Adding a 6th task yields the following distribution:

Socket -----1----- -2-
CPU 1 2 3 4 5 6 7 8
SMT1 x x x x x
SMT2 x

The task is added to the 2nd scheduler group, as the scheduler has the
assumption that scheduler groups are of the same size, so they should
also host the same number of tasks. This makes CPU 7 run into SMT
thread, which comes with a performance penalty. This means, that in
the window of 6-8 tasks, load balancing is done suboptimally, because
SMT is used although there is no reason to do so as fully idle CPUs
are still available.

Taking the weight of the scheduler groups into account, ensures that
a load balancing CPU within a smaller group will not try to pull tasks
from a bigger group while the bigger group still has idle CPUs
available.

Signed-off-by: Tobias Huschle <huschle@xxxxxxxxxxxxx>
---
kernel/sched/fair.c | 3 ++-
1 file changed, 2 insertions(+), 1 deletion(-)

diff --git a/kernel/sched/fair.c b/kernel/sched/fair.c
index 48b6f0ca13ac..b1307d7e4065 100644
--- a/kernel/sched/fair.c
+++ b/kernel/sched/fair.c
@@ -10426,7 +10426,8 @@ static struct sched_group *find_busiest_group(struct lb_env *env)
* group's child domain.
*/
if (sds.prefer_sibling && local->group_type == group_has_spare &&
- busiest->sum_nr_running > local->sum_nr_running + 1)
+ busiest->sum_nr_running * local->group_weight >
+ local->sum_nr_running * busiest->group_weight + 1)
goto force_balance;



I assume its SMT2 here. sched group is enclosed in [busy_cpus/idle_cpus/weight]

Lets take an example: we will begin the with the said imbalance.
[3/9/12] -- local group
[3/1/4] -- busy group.
we will evaluate 3*12 > (4*(3+1)) is true and proceeds further to balance.
but calculate_imbalance will lead to zero as the imbalance no? in case
of prefer sibling
case it find the difference of sum_nr_running of the two groups. It
will be 3-3 = 0

this would need modifications to calculate_imbalance.
Maybe something like this will help? NOT TESTED AT ALL.
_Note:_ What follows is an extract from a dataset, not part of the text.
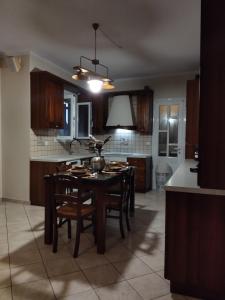 Lappartamento di Elena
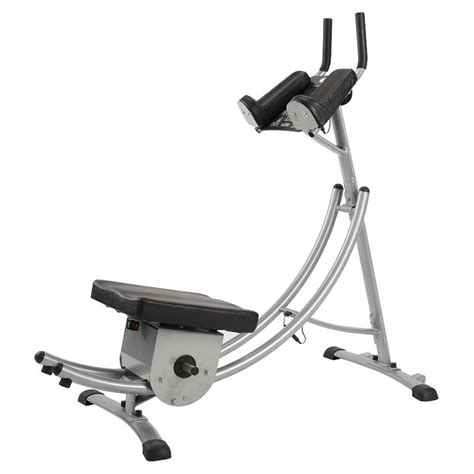 Fitness Ab Coaster Machine C5-2-11 | Shop Today. Get it Tomorrow ...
diff --git a/kernel/sched/fair.c b/kernel/sched/fair.c
index a80a73909dc2..e027d4086edc 100644
--- a/kernel/sched/fair.c
+++ b/kernel/sched/fair.c
@@ -10296,7 +10296,9 @@ static inline void calculate_imbalance(struct
lb_env *env, struct sd_lb_stats *s
return;
}

- if (busiest->group_weight == 1 || sds->prefer_sibling) {
+ if (busiest->group_weight == 1 ||
+ (sds->prefer_sibling &&
+ busiest->group_weight == local->group_weight)) {
unsigned int nr_diff = busiest->sum_nr_running;
/*
* When prefer sibling, evenly spread running tasks on
@@ -10305,6 +10307,11 @@ static inline void calculate_imbalance(struct
lb_env *env, struct sd_lb_stats *s
env->migration_type = migrate_task;
lsub_positive(&nr_diff, local->sum_nr_running);
env->imbalance = nr_diff;
+ }
+ if (sds->prefer_sibling &&
+ busiest->group_weight != local->group_weight) {
+ env->migration_type = migrate_task;
+ env->imbalance = 1;
} else {


I also had a look at this when Vincent pointed out that this part is missing.
The formula proposed by Vincent works pretty well, it is not even necessary
to add additional if-statements here.

---------------------------------------------------------------------------------------------------
On a tangential dimension.


Since prefer_siblings make inherent assumption that all groups have
equal weight,
it will cause complications when group_weights are different. I think
that becomes very
tricky when there are more than two groups. Depending on which cpu is doing
load_balance there can be unnecessary migrations.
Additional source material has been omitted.